In the sixth tie out of the perspex bowl - the velvet bag of blessed memory now has only a cosmetic role - the two Beazer Homes League clubs were given the perfect incentive for their replay a week tonight. The winners will have a home tie against the seven-time Cup winners, Aston Villa, although neither is likely to receive police permission to entertain the Premiership's fourth-placed club in their own spartan surrounds.

The pairing will have been greeted with particular delight by Cinderford's Chris Price, who played at San Siro, Milan with Villa only four years ago but began this year's Wembley trail at Tuffley Rovers in September.
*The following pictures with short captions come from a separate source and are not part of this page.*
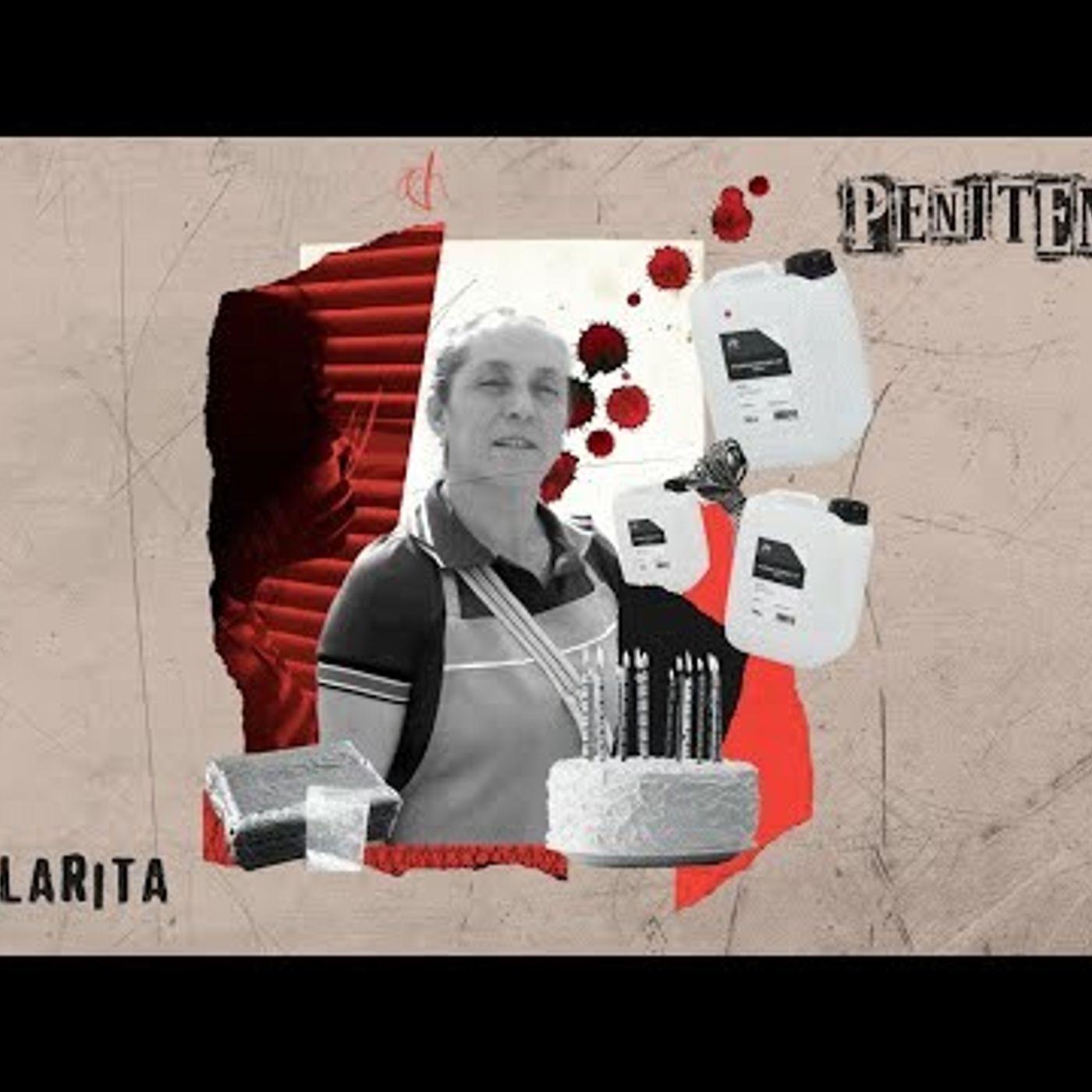 Larita _ Después de años de abuso, golpes y humillación, maté a mi esposo co episode artwork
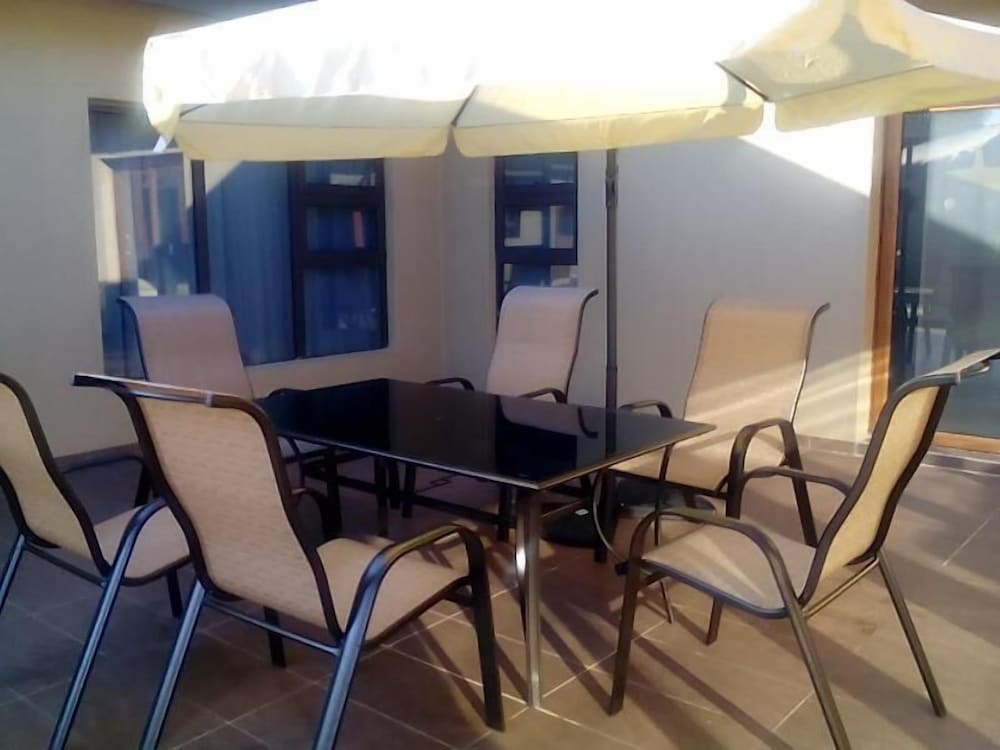 peaconwood boutique bandb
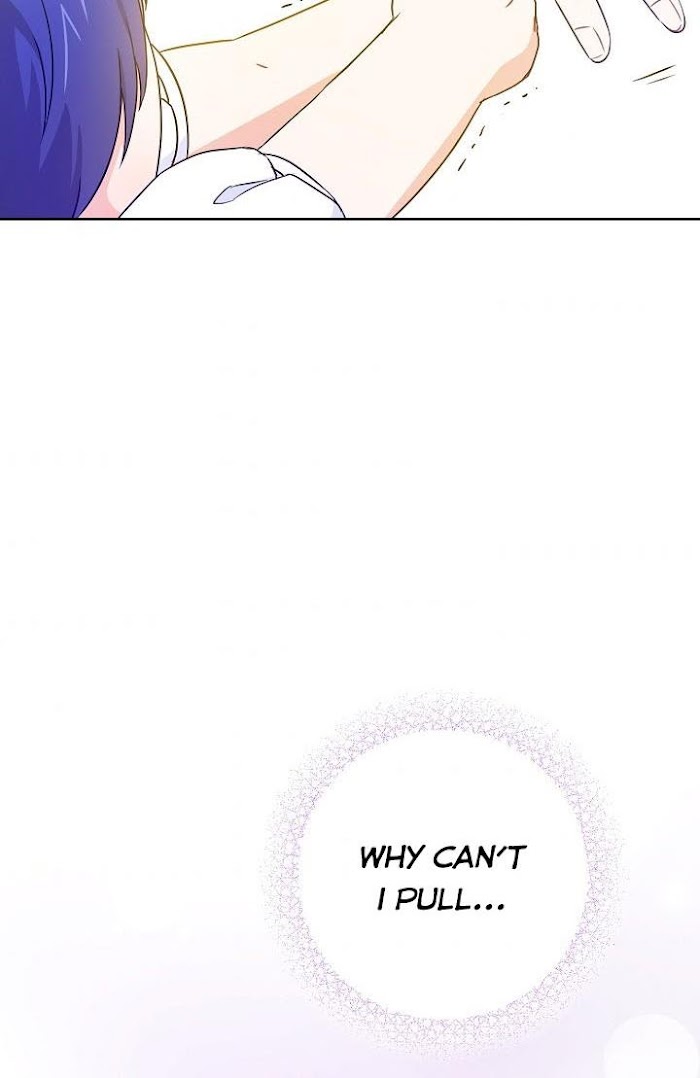 Please Give Me the Pacifier Chapter 24 page 44 - 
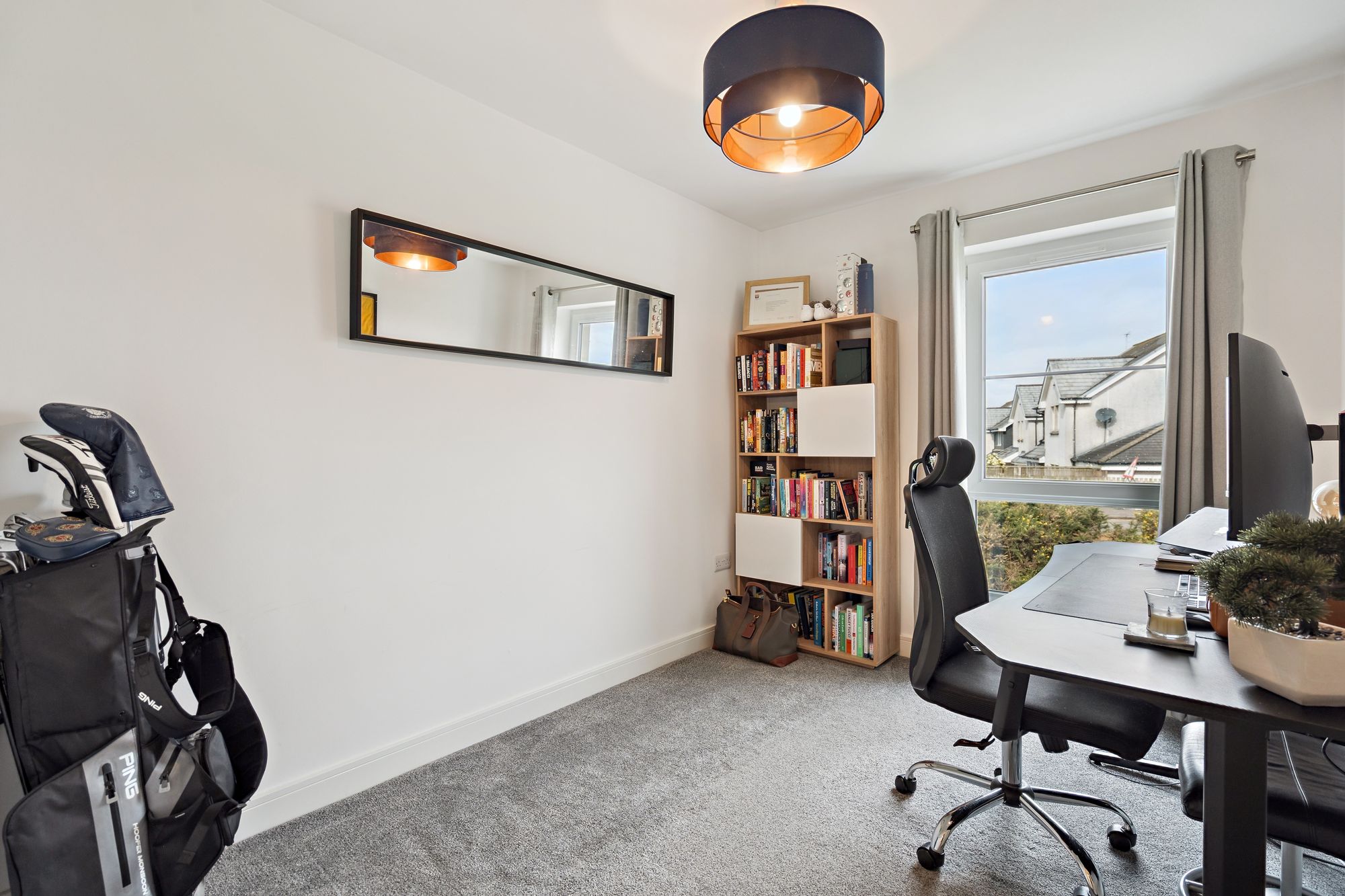 4 bed detached house for sale in Monteith Avenue, Stirling, FK7  - Property Image 17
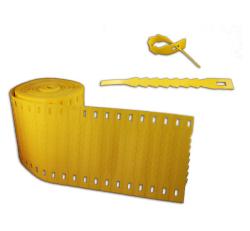 Plastic Aro-Ties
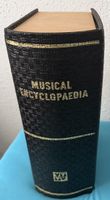 Videoton Hi-Fi Box 093 Musical Encyclopaedia Lautsprecher 3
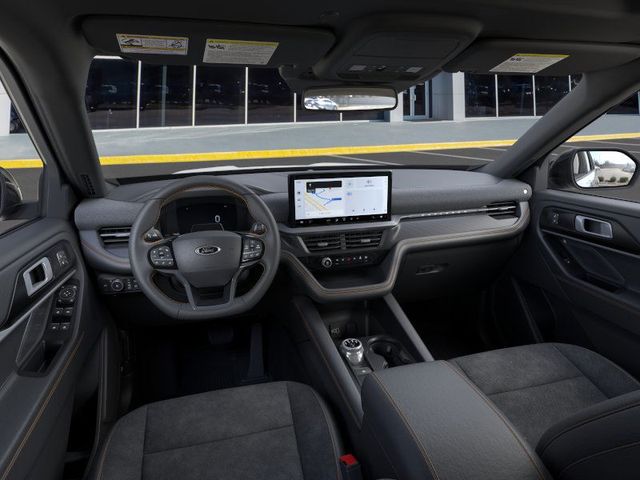New 2026 Ford Explorer - photo 16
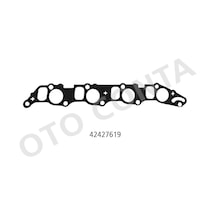 Manifold Contası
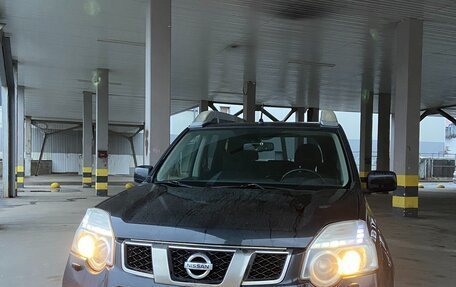 Nissan X-Trail, 2013 год, 1 555 000 рублей, 28 фотография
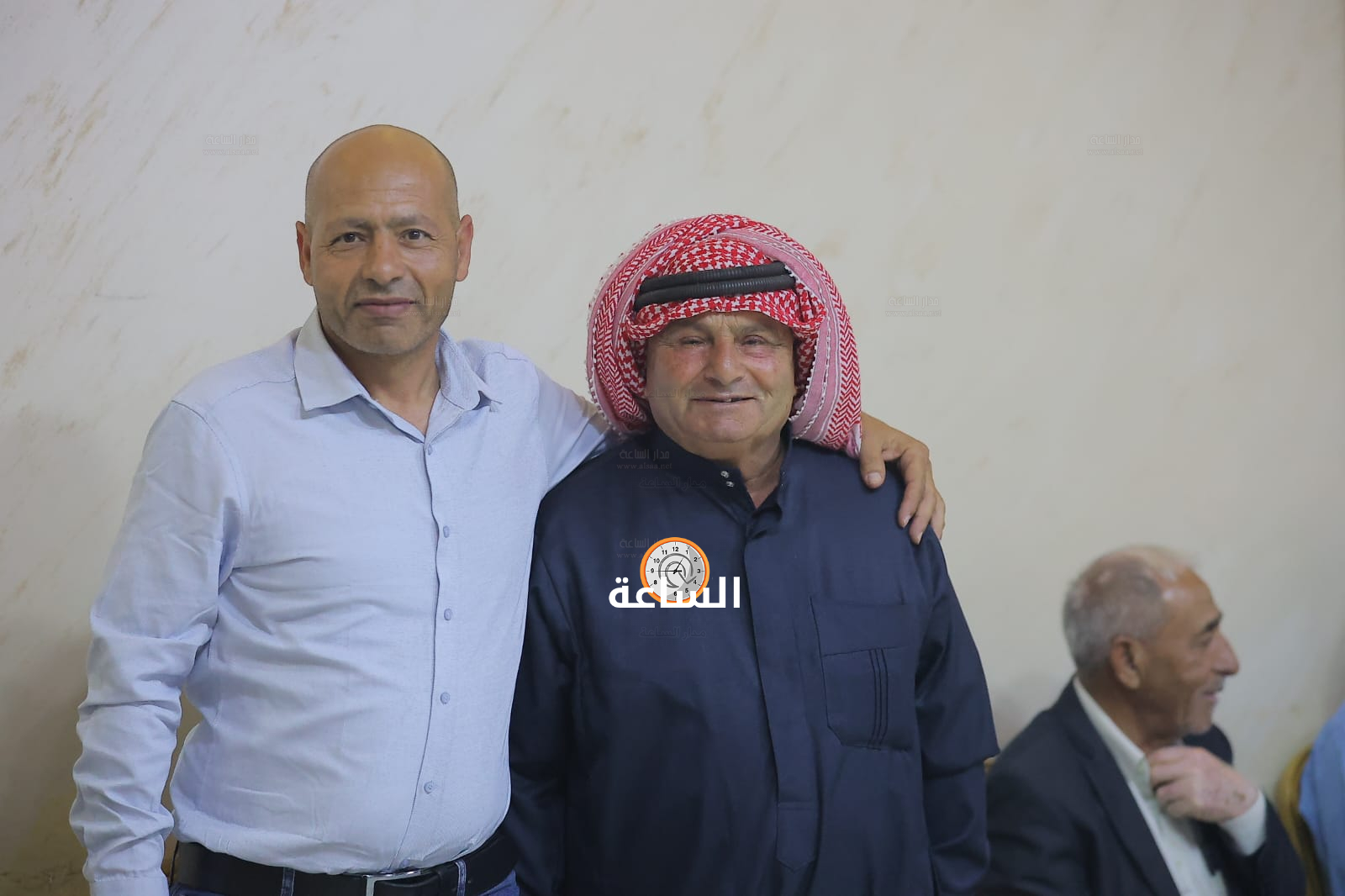 Madar Al-Saa Images 0.7006955159358464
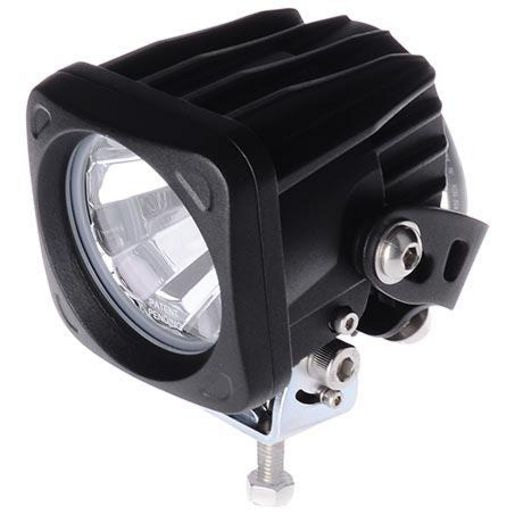 OEX Work Light LED 11 - 32V Single Flood LLX22640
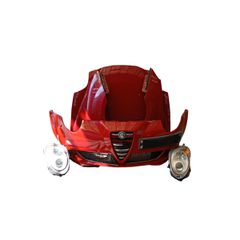 Μούρη κομπλέ για Alfa Romeo MiTo 2008 2009 2010 2011 2012 2013
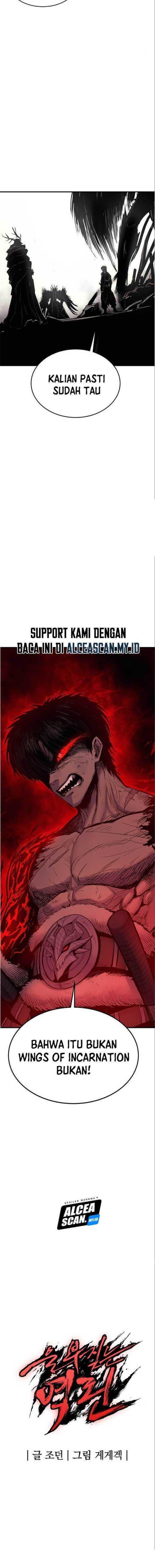 Howling Dragon (The Wailing Perversion) - Chapter 06 18 Howling Dragon (The Wailing Perversion) - Chapter 06 18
On the same day, Gravesend's Cup odyssey was opening at Godalming.

The only other non-League survivors, Enfield or Woking, have a less glamorous task - a trip to Swindon - but Denis Law and Terry Venables still managed to pull out some plums for the lower-division clubs. No fewer than 12 will play host to their supposed superiors, the pick of the bunch being Tottenham's visit to Hereford, whose 23-year-old humiliation of Newcastle sparked an invasion of a thousand parka coats in one of the clips that opened the programme.

Coventry, bottom of the top flight, face a hiding-to-nothing haul to Plymouth; Nottingham Forest go to the First Division's form side, Stoke; Leeds return to Derby, where they won 1-0 in the Coca-Cola Cup in October; while Queen's Park Rangers, whose defeat at the same stage by Stockport was recalled by Les Ferdinand last night, were handed another northern trek, to Tranmere.

Manchester United, who have won the trophy a record eight times, were paired at home with Sunderland, now reviving under Peter Reid's stewardship. Liverpool, who together with United and Arsenal are 6-1 favourites, also avoided an away day. Their former player, David Hodgson, may have suffered a twinge of regret at having resigned as Darlington manager at the weekend.

Dave Watson, captain of holders Everton, had wanted "a home tie against a non-League team with an injury crisis", but seemed content to take Stockport at Goodison Park. Much more the stuff of the third round, however, were the two derbies that came out in quick succession: Southampton against Portsmouth on the south coast, and Birmingham versus Wolves, who are already looking forward to a Coca-Cola Cup date at Villa Park.

The dress rehearsal for last night's show had pitted Manchester United against Newcastle. Kevin Keegan's table-toppers avoided that fate, but will still be involved in the only all-Premiership tie, away to Chelsea.